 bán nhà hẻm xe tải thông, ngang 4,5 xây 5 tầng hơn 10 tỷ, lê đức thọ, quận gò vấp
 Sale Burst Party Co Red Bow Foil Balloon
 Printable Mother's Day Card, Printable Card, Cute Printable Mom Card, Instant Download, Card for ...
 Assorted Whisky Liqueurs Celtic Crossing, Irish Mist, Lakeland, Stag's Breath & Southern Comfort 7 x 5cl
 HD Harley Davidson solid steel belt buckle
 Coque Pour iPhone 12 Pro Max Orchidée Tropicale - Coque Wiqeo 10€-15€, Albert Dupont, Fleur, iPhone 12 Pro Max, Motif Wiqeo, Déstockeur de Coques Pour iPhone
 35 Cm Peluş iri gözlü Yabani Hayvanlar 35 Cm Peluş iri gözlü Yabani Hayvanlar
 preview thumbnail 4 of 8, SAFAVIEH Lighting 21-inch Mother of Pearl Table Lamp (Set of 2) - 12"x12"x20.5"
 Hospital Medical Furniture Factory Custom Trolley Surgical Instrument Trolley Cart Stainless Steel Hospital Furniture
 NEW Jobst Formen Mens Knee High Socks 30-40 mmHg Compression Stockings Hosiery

**Task details:**
Wherever the word "Mother" turns up in the material, copy the whole line.

**The completed task:**
 Printable Mother's Day Card, Printable Card, Cute Printable Mom Card, Instant Download, Card for ...
 preview thumbnail 4 of 8, SAFAVIEH Lighting 21-inch Mother of Pearl Table Lamp (Set of 2) - 12"x12"x20.5"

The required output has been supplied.